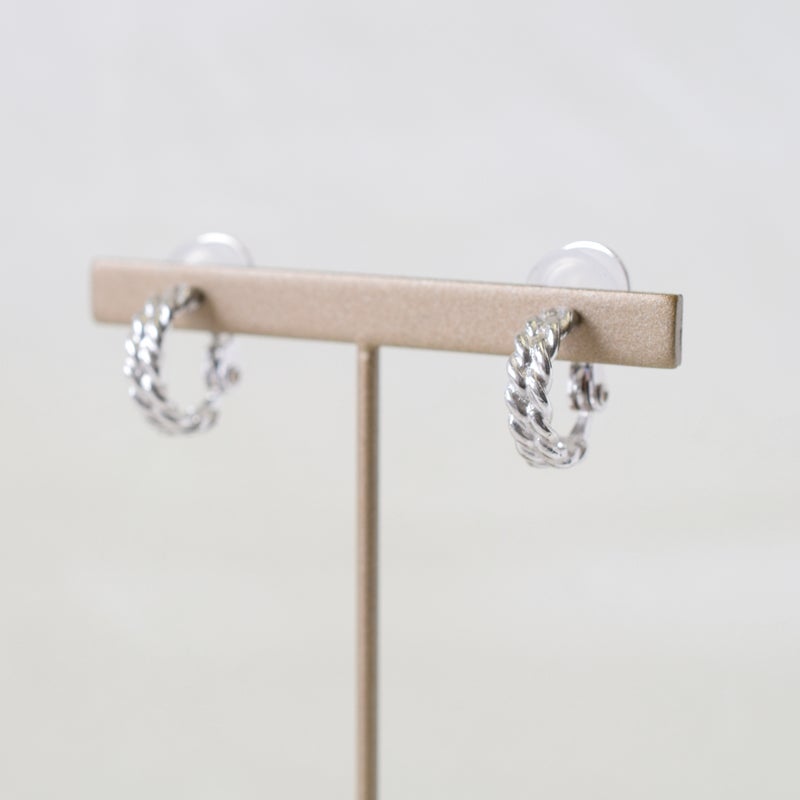 痛くないイヤリング Rope シルバー925製ツイストフープデザイン。ゴールドの什器にディスプレイされた、ピアス風のノンホールイヤリングの商品写真。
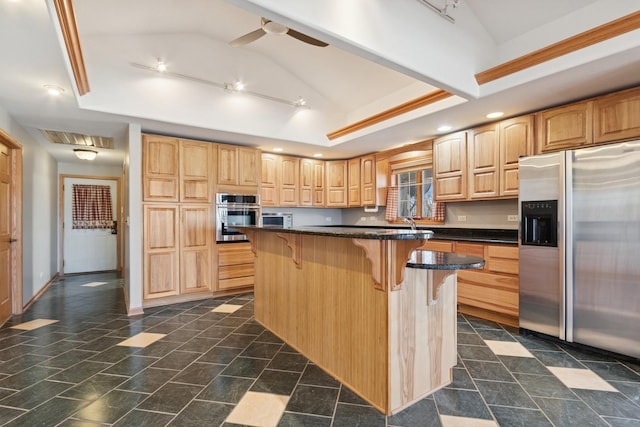 22915 Mcguire Rd, Wilmington, IL 60481 - kitchen with visible vents, a tray ceiling, lofted ceiling, stainless steel appliances, and a kitchen breakfast bar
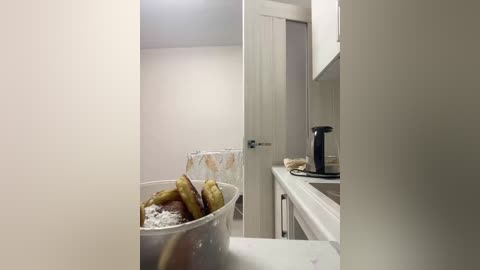 A video of a modern, minimalist kitchen with a white countertop, stainless steel appliances, and a clear bowl containing fried potatoes and a white cloth.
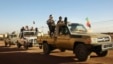 Soldiers from the Tuareg rebel group MNLA drive in a convoy of pickup trucks in the northeastern town of Kidal, Mali, February 4, 2013. 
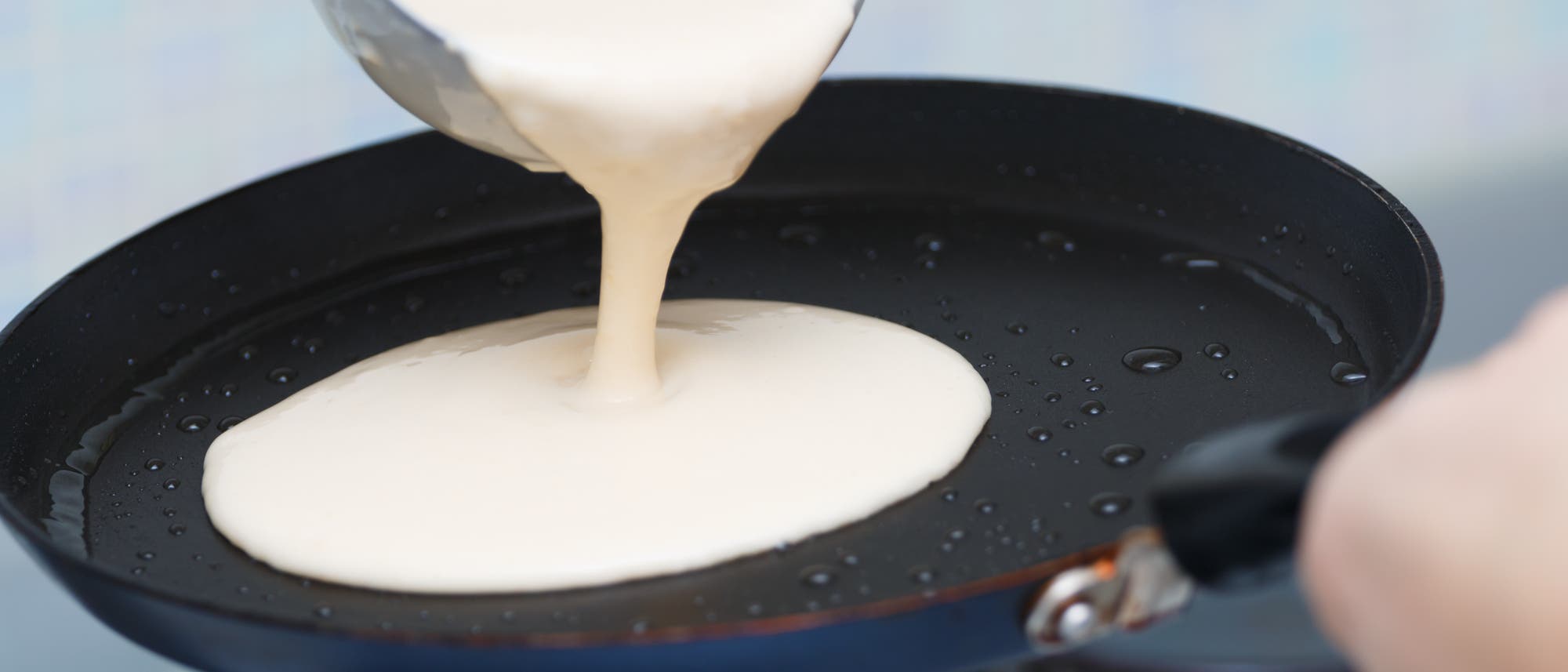 Pfannkuchenteig fließt aus der Kelle in die Pfanne. Ja, die Dinger heißen Pfannkuchen. Pfannkuchenteig fließt aus der Kelle in die Pfanne. Ja, die Dinger heißen Pfannkuchen.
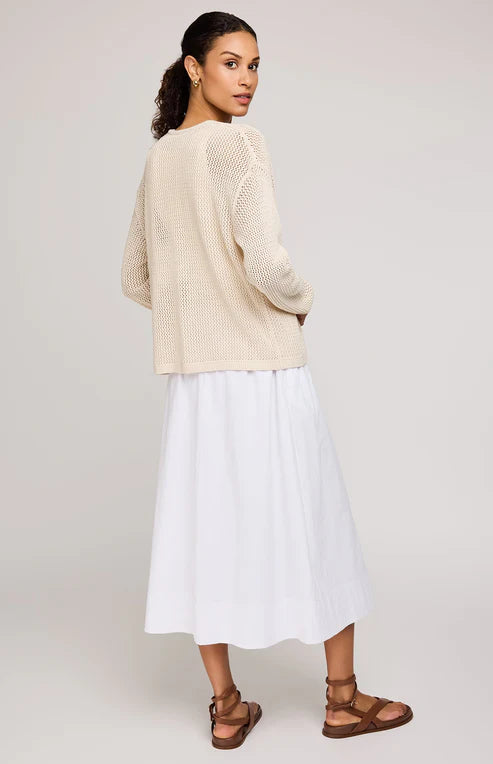 Back view of model wearing Gentle Fawn Toledo open knit cardigan over a white dress, emphasizing the relaxed design and casual silhouette.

WHAT TO PRODUCE
Print the records exactly and omit all pictures.

OUTPUT OF THE EXERCISE
 痛くないイヤリング Rope シルバー925製ツイストフープデザイン。ゴールドの什器にディスプレイされた、ピアス風のノンホールイヤリングの商品写真。
 22915 Mcguire Rd, Wilmington, IL 60481 - kitchen with visible vents, a tray ceiling, lofted ceiling, stainless steel appliances, and a kitchen breakfast bar
 A video of a modern, minimalist kitchen with a white countertop, stainless steel appliances, and a clear bowl containing fried potatoes and a white cloth.
 Soldiers from the Tuareg rebel group MNLA drive in a convoy of pickup trucks in the northeastern town of Kidal, Mali, February 4, 2013. 
 Pfannkuchenteig fließt aus der Kelle in die Pfanne. Ja, die Dinger heißen Pfannkuchen. Pfannkuchenteig fließt aus der Kelle in die Pfanne. Ja, die Dinger heißen Pfannkuchen.
 Back view of model wearing Gentle Fawn Toledo open knit cardigan over a white dress, emphasizing the relaxed design and casual silhouette.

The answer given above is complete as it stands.